START Material provided

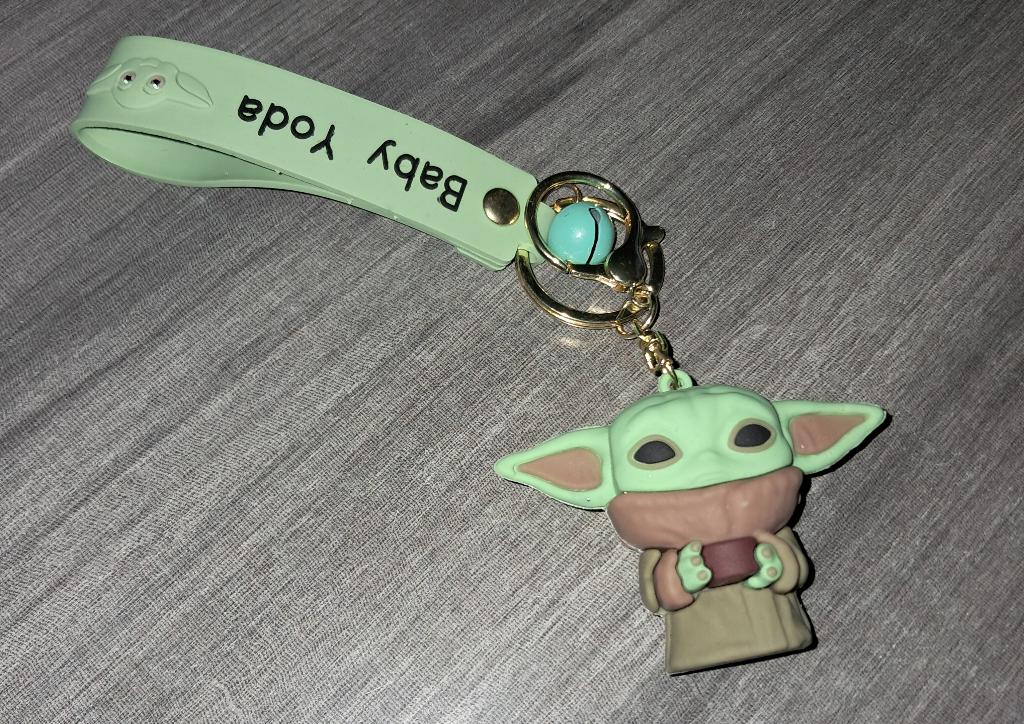 Nieuwe sleutelhanger tas hanger Baby Yoda / star wars, Ophalen of Verzenden, Nieuw, Gebruiksvoorwerp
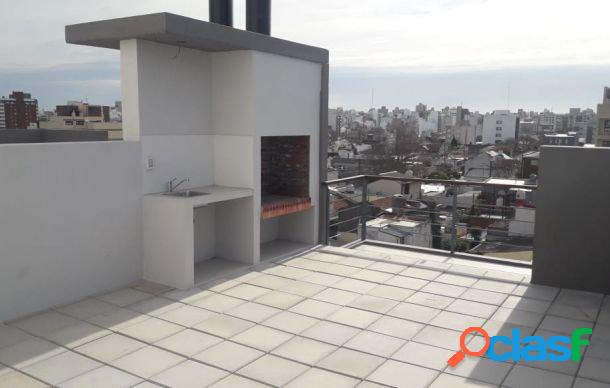 2 amb. c/coch. y terraza propia San Lorenzo y San Luis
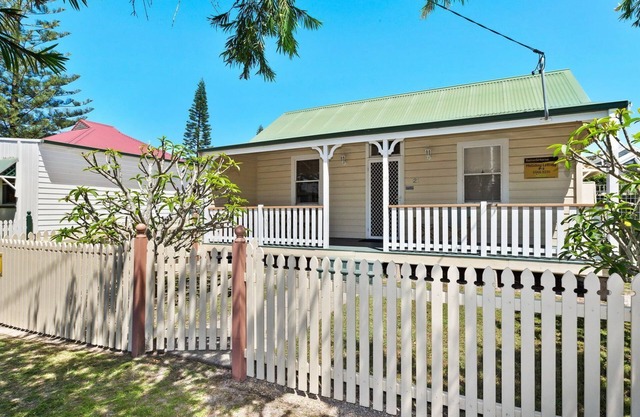 PJ's Cottage - walk to the beach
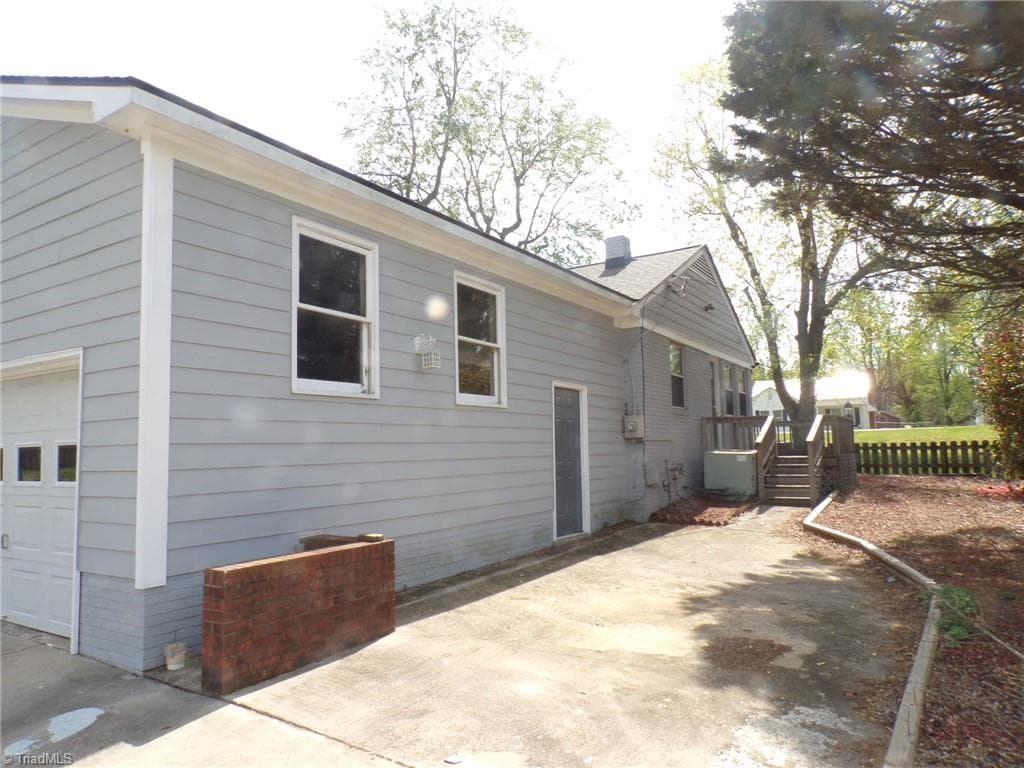 Stick/Site Built at 4543 Pleasant Garden Road, Greensboro NC 27406, photo 4 of 45
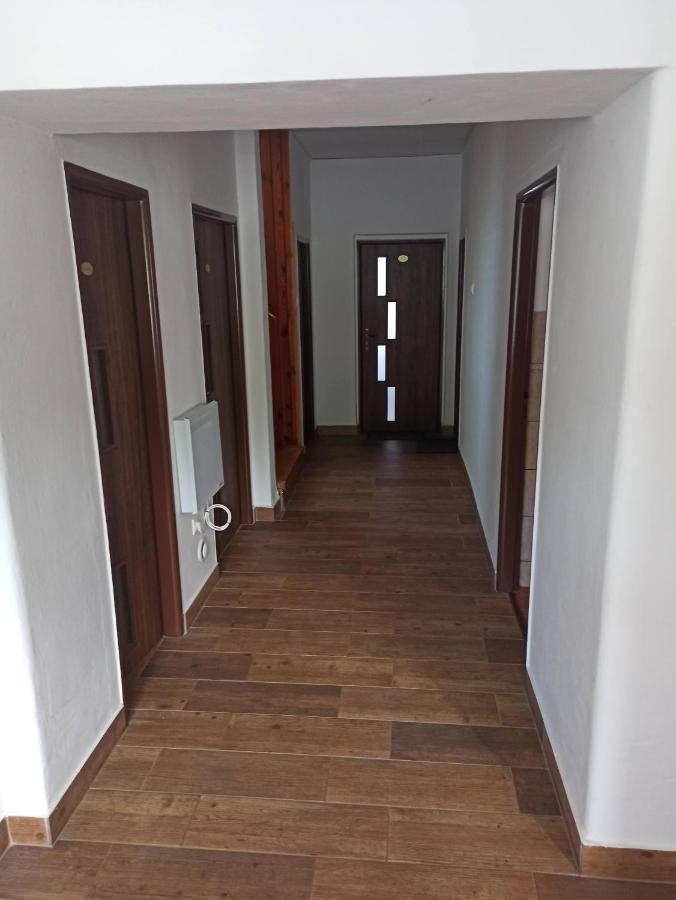 Apartmanovy Dom Stummerova Topoľčany エクステリア 写真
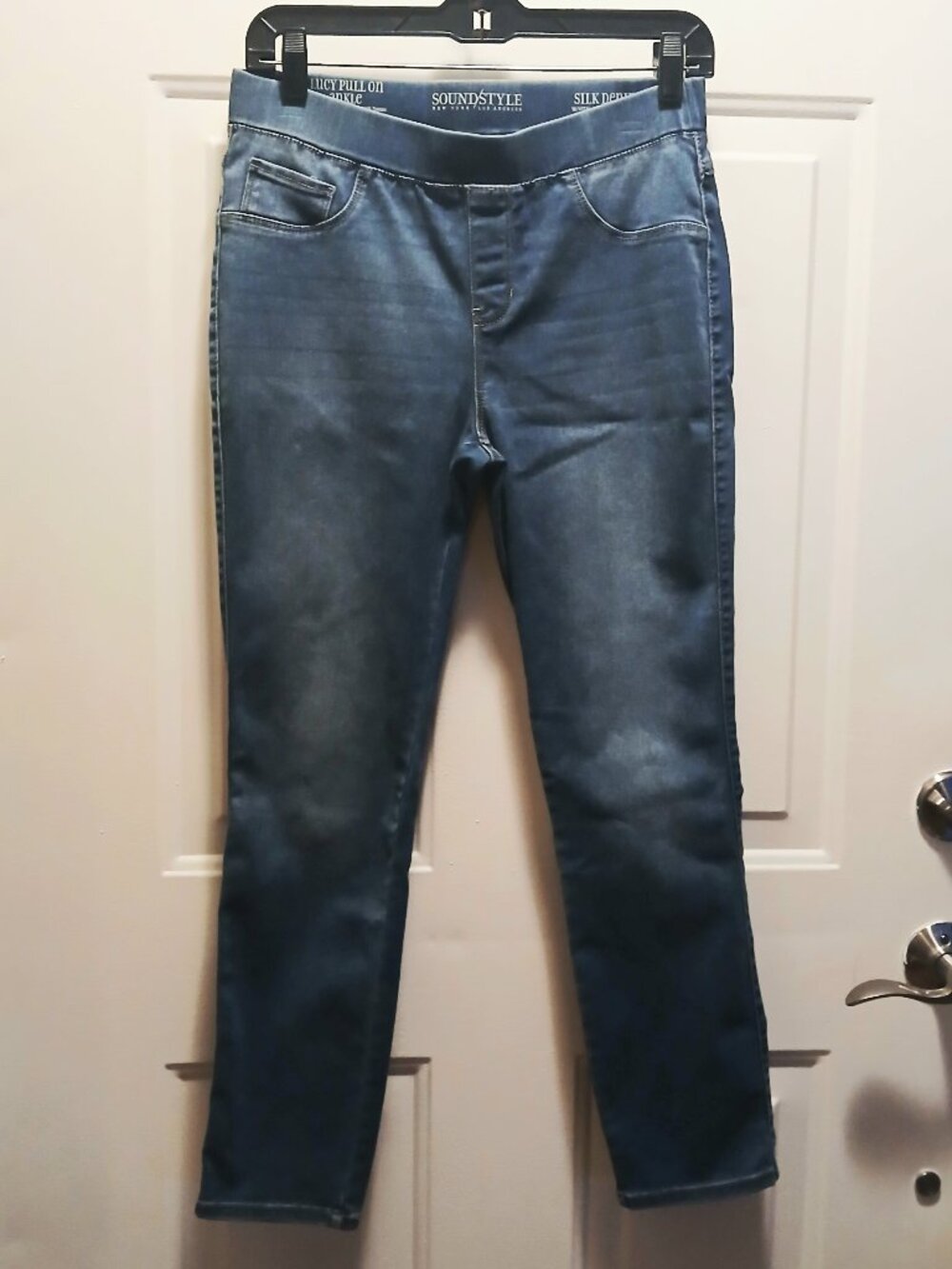 "Lucy" Pull on Ankle Jeggings EUC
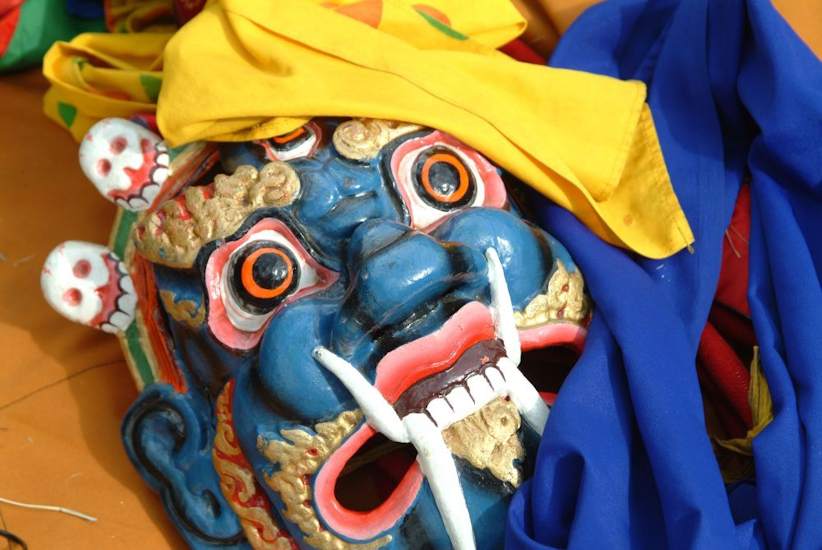 La férocité apparente des masques traditionnels n’a pas pour but d’effrayer…mais d’éloigner les ondes négatives… Et ça marche !  /the apparent ferocity of the traditional masks isn’t designed to scare but to keep the negative energy away… it works!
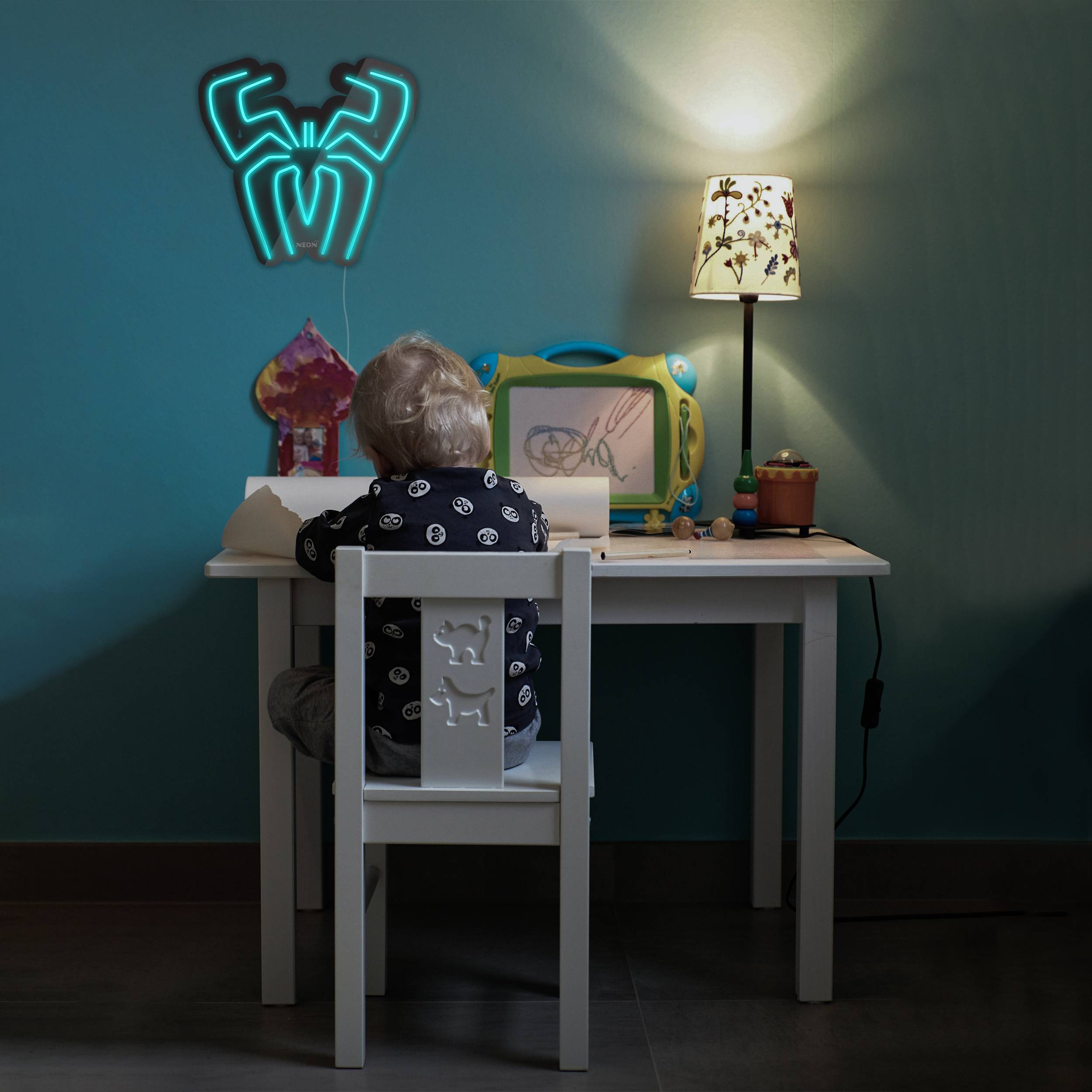 چراغ دیواری نئون دیزاین مدل Spider-BL_TBL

END Material provided

▶ _Exercise aim_:
For the records above, output each one exactly and skip any image.

▶ _Result_:
 Nieuwe sleutelhanger tas hanger Baby Yoda / star wars, Ophalen of Verzenden, Nieuw, Gebruiksvoorwerp
 2 amb. c/coch. y terraza propia San Lorenzo y San Luis
 PJ's Cottage - walk to the beach
 Stick/Site Built at 4543 Pleasant Garden Road, Greensboro NC 27406, photo 4 of 45
 Apartmanovy Dom Stummerova Topoľčany エクステリア 写真
 "Lucy" Pull on Ankle Jeggings EUC
 La férocité apparente des masques traditionnels n’a pas pour but d’effrayer…mais d’éloigner les ondes négatives… Et ça marche !  /the apparent ferocity of the traditional masks isn’t designed to scare but to keep the negative energy away… it works!
 چراغ دیواری نئون دیزاین مدل Spider-BL_TBL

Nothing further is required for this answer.